D’altronde quanti conviventi, divorziati, separati, eterosessuali od omosessuali, parlamentari del centro destra (e qualcuno pure del centro sinistra) operando un’elusione della propria condizione, si accalcano sulle televisioni italiane a sostenere che i dettami della gerarchia cattolica devono valere anche nel diritto pubblico?

Nel nostro paese quel vento di liberazione che ha pervaso la sinistra europea negli ultimi quindici anni e, che ha permesso a migliaia di gay e lesbiche dirigenti politici di affermarsi, anche in quanto tali, non è ancora giunto. Ancora oggi il tema dell’identità e dell’orientamento sessuale provoca rossori improvvisi, pudicizie adolescenziali, nervosismi e tic davvero gustosi.

Perciò ci si sente inferiori, in fondo peccatori, davanti alle bacchettate di una gerarchia cattolica, eunuca per il regno dei cieli, negatrice di ogni piacere della carne, ossessionata dalla necessità di tenere in piedi un sistema di regole che in primo luogo non convincono il popolo di Dio, e raramente sono osservate dai consacrati.

Squarciare questi veli significa rendere la sinistra italiana davvero matura, solida nei propri obiettivi politici e sociali, un soggetto che si confronta alla pari con le altre idee in campo, così come scandalosamente ha fatto ieri Zapatero e, l’altro ieri tantissimi leader socialisti europei.

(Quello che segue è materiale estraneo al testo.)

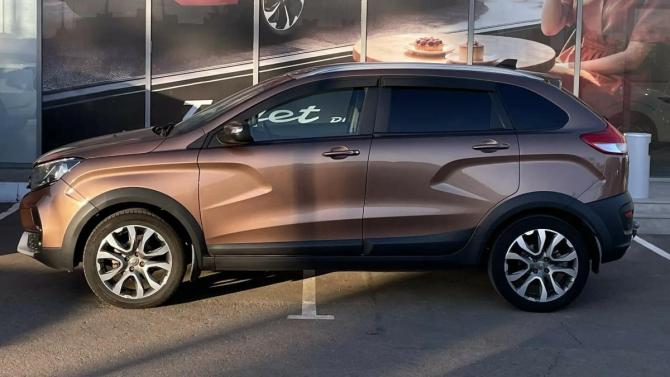 Lada (ВАЗ) XRAY I с пробегом 2021 года, цена 1 150 000 рублей, 114842 км, хэтчбек, Автокод Объявления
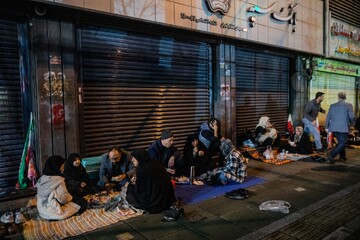 مراسم نوروز پیروزی - تهران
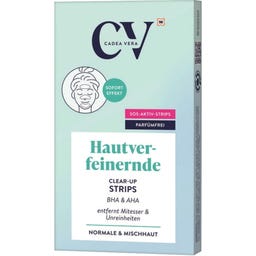 CV - Cadea Vera Hautverfeinernde Clear-up Strips - 6 Stück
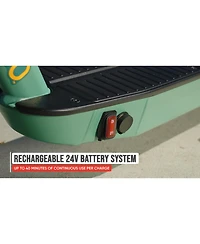 Razor Power Core XLR150 Steel Electric Scooter with Retractable Kickstand, Up to 154 lbs, Ages 13+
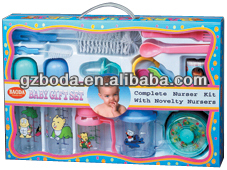 Natural Flow Deluxe First Year Feeding Set 2015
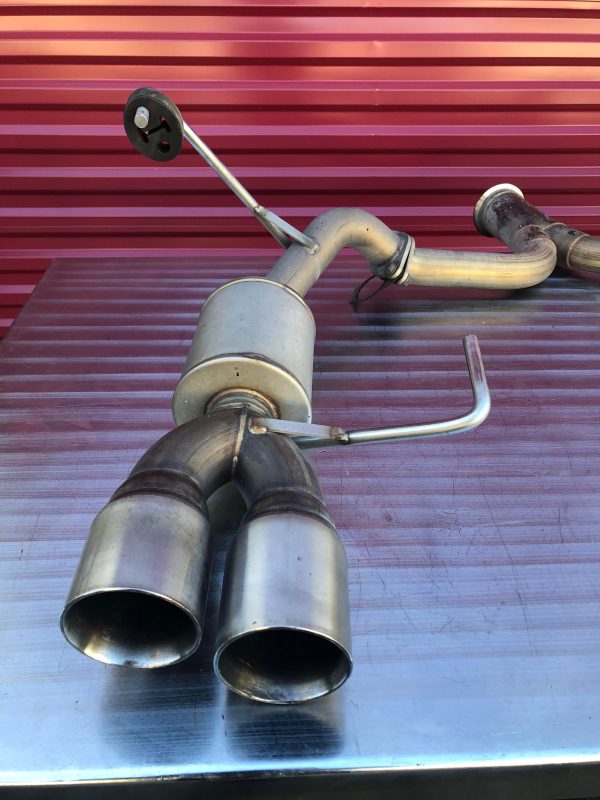 2015-2021 SUBARU WRX & STI NAMELESS PERFORMANCE CATBACK EXHAUST SYSTEM 3 INCH - Image 2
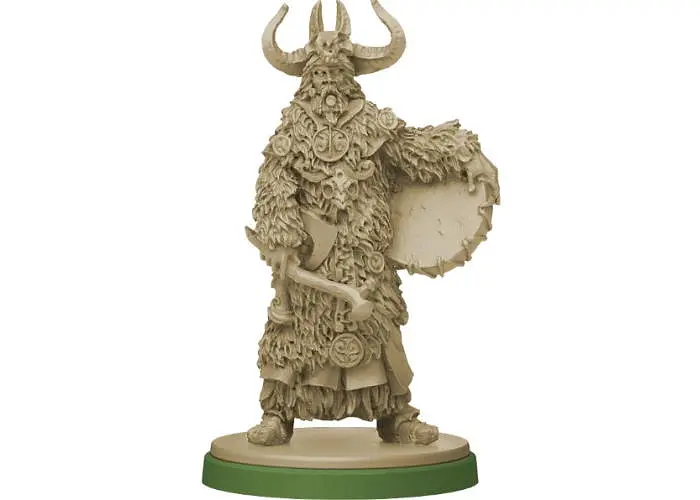 Настільна гра Geekach Games Лють крові. Чаклуни Мідґарду (Blood Rage: Mystics of Midgard) (укр.) (GKCH154BR) - фото 6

C’è bisogno, per essere davvero forti nell’affermare i valori della laicità, di sentirsi parte in causa e non solo proponenti di strumenti legislativi, che interpretino le aspirazioni di milioni di persone. Adesso è ora che si facciano ulteriori decisi passi in avanti, cercando di tenere ben salda la barra, perché i rischi di tornare indietro sono del tutto presenti. In questo senso, come ben viene scritto nella Carta di Nizza, sostenuto da tutti gli Istituti di Studi sociologici, dalle legislazioni nazionali degli Stati dell’Unione, le famiglie si suddividono in molte tipologie; la politica può certamente decidere di privilegiare quella fondata dal matrimonio, ma la sinistra non può negare la realtà che oltre il 50% della società italiana è organizzata in formazioni familiari differenti da quella tradizionale.

Una buona politica non si limita certo nel leggere freddamente i dati e le statistiche, si occupa di aiutare l’istituzione familiare tradizionale a superare difficoltà economiche, mettendo in campo strumenti efficaci e servizi degni di questo nome. Ma i nemici non sono i e le conviventi, gli omosessuali, le famiglie ricostituite, ecc., ma l’ipocrisia familista che urla e inveisce e poi lascia tutti soli, non scommette sulla solidarietà, sui progetti di vita, sulla costruzione dei percorsi di autonomia e, intende mantenere nella clandestinità sociale milioni di persone.